ACCURATE DIRECT RAY TRACING IN CHARGED PARTICLE OPTICS

Abstract

This thesis investigates the accuracy of direct ray tracing on finite element method(FEM) solved potential distributions for magnetic lenses. Two structured mesh refinement techniques are used, the conformal mesh and the graded mesh. The conventional approach of first-order element solutions on region block meshes is compared with the use of second-order elements and first-order finite elements with the conformal mesh and the graded mesh. The results show that reliable results can be obtained by second-order elements and mesh refinement. Two test magnetic objective lenses are used for the investigation, the Cambridge S100 magnetic objective lens and a single pole magnetic objective lens.

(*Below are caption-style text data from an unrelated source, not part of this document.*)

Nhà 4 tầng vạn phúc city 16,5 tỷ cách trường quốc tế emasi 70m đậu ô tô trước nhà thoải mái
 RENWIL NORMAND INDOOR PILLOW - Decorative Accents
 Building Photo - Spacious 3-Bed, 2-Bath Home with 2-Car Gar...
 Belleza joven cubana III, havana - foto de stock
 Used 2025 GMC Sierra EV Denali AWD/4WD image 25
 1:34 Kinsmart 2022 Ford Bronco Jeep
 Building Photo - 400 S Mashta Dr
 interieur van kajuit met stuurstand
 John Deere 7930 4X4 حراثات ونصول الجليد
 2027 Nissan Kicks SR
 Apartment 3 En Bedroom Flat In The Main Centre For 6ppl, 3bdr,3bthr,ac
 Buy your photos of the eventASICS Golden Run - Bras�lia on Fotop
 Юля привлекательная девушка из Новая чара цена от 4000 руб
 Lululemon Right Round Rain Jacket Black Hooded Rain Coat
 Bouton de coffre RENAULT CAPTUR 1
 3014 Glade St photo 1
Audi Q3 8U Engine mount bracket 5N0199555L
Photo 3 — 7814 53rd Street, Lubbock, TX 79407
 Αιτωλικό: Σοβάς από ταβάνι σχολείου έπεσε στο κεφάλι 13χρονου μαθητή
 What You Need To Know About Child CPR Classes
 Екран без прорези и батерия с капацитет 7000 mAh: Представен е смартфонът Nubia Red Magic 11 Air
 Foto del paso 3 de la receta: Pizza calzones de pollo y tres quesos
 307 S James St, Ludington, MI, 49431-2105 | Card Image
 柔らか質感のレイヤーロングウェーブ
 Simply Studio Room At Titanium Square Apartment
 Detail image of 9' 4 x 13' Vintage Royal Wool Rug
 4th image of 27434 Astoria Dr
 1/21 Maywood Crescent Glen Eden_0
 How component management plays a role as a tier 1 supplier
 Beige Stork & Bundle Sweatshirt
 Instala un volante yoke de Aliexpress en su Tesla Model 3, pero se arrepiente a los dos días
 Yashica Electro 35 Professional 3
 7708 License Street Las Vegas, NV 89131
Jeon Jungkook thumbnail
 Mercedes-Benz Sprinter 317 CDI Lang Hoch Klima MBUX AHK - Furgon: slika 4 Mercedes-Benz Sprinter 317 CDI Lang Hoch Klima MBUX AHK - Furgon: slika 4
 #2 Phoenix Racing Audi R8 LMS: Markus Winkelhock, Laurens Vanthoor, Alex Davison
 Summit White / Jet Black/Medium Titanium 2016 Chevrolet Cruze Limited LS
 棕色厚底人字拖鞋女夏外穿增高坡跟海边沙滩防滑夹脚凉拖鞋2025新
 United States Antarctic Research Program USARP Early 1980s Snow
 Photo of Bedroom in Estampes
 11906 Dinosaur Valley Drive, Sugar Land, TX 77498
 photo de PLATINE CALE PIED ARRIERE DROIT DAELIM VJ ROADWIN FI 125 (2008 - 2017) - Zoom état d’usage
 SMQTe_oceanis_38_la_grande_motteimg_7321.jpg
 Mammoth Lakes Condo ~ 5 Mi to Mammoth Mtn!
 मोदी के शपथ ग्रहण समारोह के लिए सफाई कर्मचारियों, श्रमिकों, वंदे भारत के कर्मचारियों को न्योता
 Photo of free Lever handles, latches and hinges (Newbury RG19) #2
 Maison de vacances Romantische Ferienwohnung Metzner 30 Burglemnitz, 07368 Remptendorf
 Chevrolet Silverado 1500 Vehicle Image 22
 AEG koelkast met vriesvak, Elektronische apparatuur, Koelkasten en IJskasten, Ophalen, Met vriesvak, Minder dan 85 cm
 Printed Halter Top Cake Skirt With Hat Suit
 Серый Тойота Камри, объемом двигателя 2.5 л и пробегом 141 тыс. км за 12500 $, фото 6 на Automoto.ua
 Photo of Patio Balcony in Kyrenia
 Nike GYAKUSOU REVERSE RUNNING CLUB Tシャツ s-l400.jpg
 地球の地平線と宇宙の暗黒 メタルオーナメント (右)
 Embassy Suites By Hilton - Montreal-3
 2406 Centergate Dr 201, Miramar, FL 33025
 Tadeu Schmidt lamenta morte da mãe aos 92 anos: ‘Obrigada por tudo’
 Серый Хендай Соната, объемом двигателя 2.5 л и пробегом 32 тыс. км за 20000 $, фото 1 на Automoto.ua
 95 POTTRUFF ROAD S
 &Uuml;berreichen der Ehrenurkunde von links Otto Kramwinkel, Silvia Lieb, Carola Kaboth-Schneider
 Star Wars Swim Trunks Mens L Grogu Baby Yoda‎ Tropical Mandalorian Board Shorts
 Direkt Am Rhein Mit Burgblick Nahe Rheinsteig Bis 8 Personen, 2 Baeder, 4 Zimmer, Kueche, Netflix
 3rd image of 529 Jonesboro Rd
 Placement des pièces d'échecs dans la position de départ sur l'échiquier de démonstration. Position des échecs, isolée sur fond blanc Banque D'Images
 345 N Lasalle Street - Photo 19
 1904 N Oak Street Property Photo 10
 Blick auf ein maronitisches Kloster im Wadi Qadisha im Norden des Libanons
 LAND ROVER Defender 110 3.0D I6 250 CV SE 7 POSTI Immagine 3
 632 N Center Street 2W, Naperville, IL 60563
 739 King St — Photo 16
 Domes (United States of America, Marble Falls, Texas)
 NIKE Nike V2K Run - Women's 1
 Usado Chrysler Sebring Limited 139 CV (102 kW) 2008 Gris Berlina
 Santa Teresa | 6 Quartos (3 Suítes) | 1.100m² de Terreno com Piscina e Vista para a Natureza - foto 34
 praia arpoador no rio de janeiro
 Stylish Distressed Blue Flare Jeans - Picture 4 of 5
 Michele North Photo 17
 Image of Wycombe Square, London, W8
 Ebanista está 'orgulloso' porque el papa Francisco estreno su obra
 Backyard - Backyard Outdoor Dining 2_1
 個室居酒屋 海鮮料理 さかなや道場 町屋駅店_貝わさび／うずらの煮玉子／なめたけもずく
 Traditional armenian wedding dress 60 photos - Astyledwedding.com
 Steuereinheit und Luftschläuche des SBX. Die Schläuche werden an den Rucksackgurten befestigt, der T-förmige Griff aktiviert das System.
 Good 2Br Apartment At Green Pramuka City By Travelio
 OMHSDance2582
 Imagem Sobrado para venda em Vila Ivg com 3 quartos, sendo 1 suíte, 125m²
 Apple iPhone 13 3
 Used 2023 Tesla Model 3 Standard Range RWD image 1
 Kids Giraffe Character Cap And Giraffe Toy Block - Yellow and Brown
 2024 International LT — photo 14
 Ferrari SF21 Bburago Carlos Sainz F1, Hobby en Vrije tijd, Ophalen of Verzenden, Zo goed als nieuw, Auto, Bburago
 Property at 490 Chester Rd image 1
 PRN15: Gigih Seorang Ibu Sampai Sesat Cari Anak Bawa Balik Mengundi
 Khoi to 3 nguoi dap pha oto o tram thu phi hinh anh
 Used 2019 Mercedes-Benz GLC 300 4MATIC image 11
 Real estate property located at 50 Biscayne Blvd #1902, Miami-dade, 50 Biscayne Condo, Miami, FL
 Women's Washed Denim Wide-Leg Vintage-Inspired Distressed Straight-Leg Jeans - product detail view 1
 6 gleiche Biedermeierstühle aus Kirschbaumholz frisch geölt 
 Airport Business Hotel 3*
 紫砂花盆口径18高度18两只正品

The axial field distributions of second-order elements and first-order elements with mesh refinement are analysed in terms of their continuity. Using the structured mesh refinement, high-order continuity of the axial field distribution can be obtained with first-order FEM. Direct rays are plotted through the lenses to calculate third and fifth-order spherical aberration coefficients. Using either second-order elements or structured mesh refinements, the truncation noise variations can be kept low. For the direct ray tracing of secondary electrons, the single pole objective test example is used to demonstrate that field interpolation may limit the final accuracy, in which case the structured mesh refinement is the most efficient means for improving the accuracy.